> -----Original Message-----
> From: Jeff Deskins
> Sent: Thursday, 2007 January 04 12:58
> To: arbortext-adepters
> Subject: Try to Determine Valid URN Syntax
> Importance: High
>
> I was wonder if I could reach out to some technical folks
> who are familiar with URN, URL/URI inter-workings.
>
> As I read and try to understand the specifications, a URI
> can contain a query after the path as in my top example.
>
> What I was wondering, can a URN can also contain a query as
> in my bottom example?
>
> foo://example.com:8042/over/there?name=ferret#nose
> \_/ \______________/\_________/ \_________/ \__/
> | | | | |
> scheme authority path query fragment
> | _____________________|__
> / \ / \
> urn:example:animal:ferret:nose?type=blue;etc.
>
> Even with lots of net research I've not been able to validate this.
URNs are a kind of URI.
The latest URI spec is RFC 3986 (which supercedes RFC 2986)

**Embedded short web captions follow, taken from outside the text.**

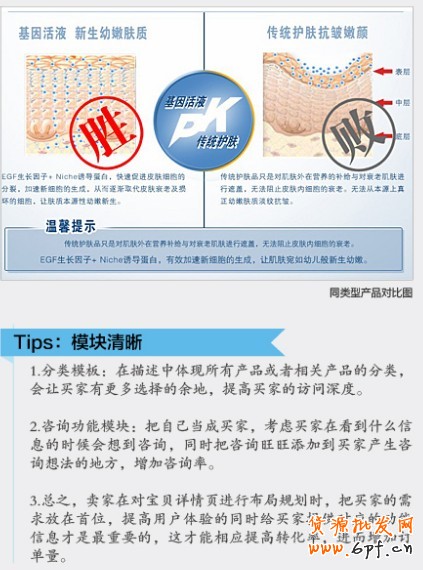 寶貝詳情頁設(shè)計技巧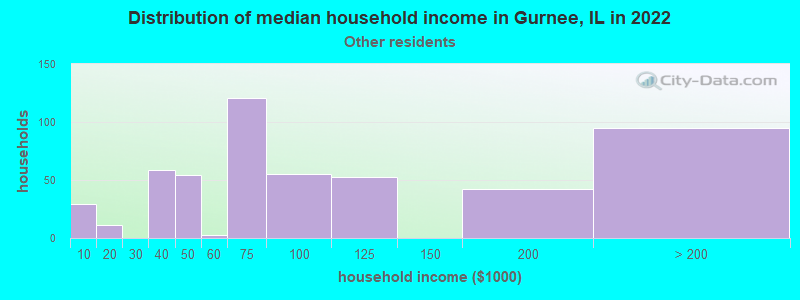 Distribution of median household income in Gurnee, IL in 2022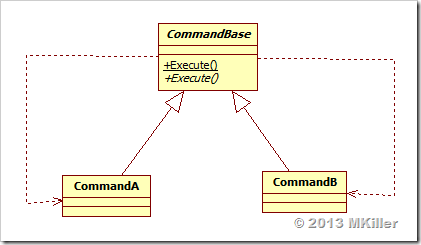 同事设计的类关系图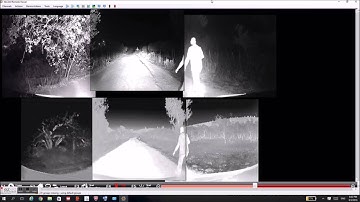 Ex-Sight.Com SD-640 360 Panorama Perimeter Demo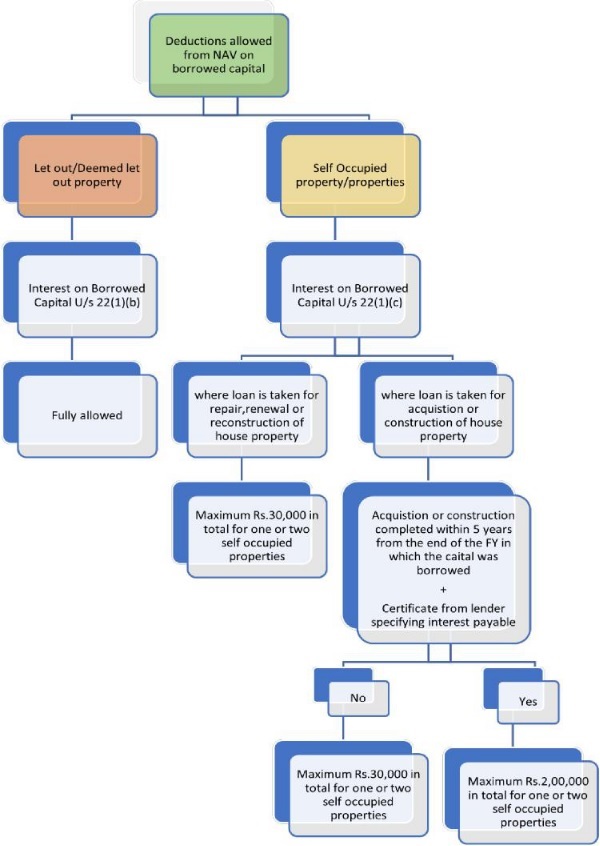 Deduction allowed from NAV on borrowed capital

which is at ftp://ftp.ietf.org/rfc/rfc3986.txt .
The URN syntax itself is described in RFC 2141 at
ftp://ftp.ietf.org/rfc/rfc2141.txt .
(I suspect Jeff knows all this, since his example comes
right out of 3986.)
Since a URN is a URI, I see nothing in RFC 3986 preventing
a URN-schemed URI from having the optional query part.
RFC 2141 defines a URN as:
<urn> ::= "urn:" <nid> ":" <nss>
and
<nss> ::= 1*<urn chars=">
<urn chars="> ::= <trans> | "%" <hex> <hex>
<trans> ::= <upper> | <lower> | <number> | <other> | <reserved>
<hex> ::= <number> | "A" | "B" | "C" | "D" | "E" | "F" |
"a" | "b" | "c" | "d" | "e" | "f"
<other> ::= "(" | ")" | "+" | "," | "-" | "." |
":" | "=" | "@" | ";" | "$" |
"_" | "!" | "*" | "
<reserved> ::= '%" | "/" | "?" | "#"
Given the productions, it looks like an <nss> could consist
of "?type=blue;etc." (without the quotes)

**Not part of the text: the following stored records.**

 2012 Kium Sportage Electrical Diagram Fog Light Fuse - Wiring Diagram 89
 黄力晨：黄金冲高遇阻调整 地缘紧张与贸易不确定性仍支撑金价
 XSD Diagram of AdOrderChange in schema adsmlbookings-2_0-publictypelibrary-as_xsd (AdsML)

However, section 2.3.2 of 2141 says:
RFC 1630 reserves the characters "/", "?", and "#" for
particular purposes. The URN-WG has not yet debated the
applicability and precise semantics of those purposes as
applied to URNs. Therefore, these characters are RESERVED
for future developments. Namespace developers SHOULD NOT
use these characters in unencoded form, but rather use the
appropriate %-encoding for each character.
The phrase "SHOULD NOT" actually has an official definition
in RFC 2119:
SHOULD NOT This phrase, or the phrase "NOT RECOMMENDED"
mean that there may exist valid reasons in particular
circumstances when the particular behavior is acceptable
or even useful, but the full implications should be
understood and the case carefully weighed before
implementing any behavior described with this label.
So I'd say you need some pretty strong justifications before
creating URNs with query parts. The point of URNs is to give
unique persistent names to things (that may or may not actually
be retrievable web resources), so using URNs with queries isn't
exactly something that URN designers considered within scope
of URNs.
Understanding the intricacies of these specs can be difficult,
and I'd be the first to want to check my understanding with other
experts in the field. As chair of the W3C XML Core Working Group,
I've sent out email to check with other working group members.
My response here reflects the replies I got from that group
to date. (If I get different input from others, I'll let
you know.)
Finally, whether a given tool would actually do what you want
with a URN with a query part is another question entirely.
For that answer, you'll just have to experiment, but given
section 2.3.2 of RFC 2141, I'd be surprised if you found any
tools that would support that.
paul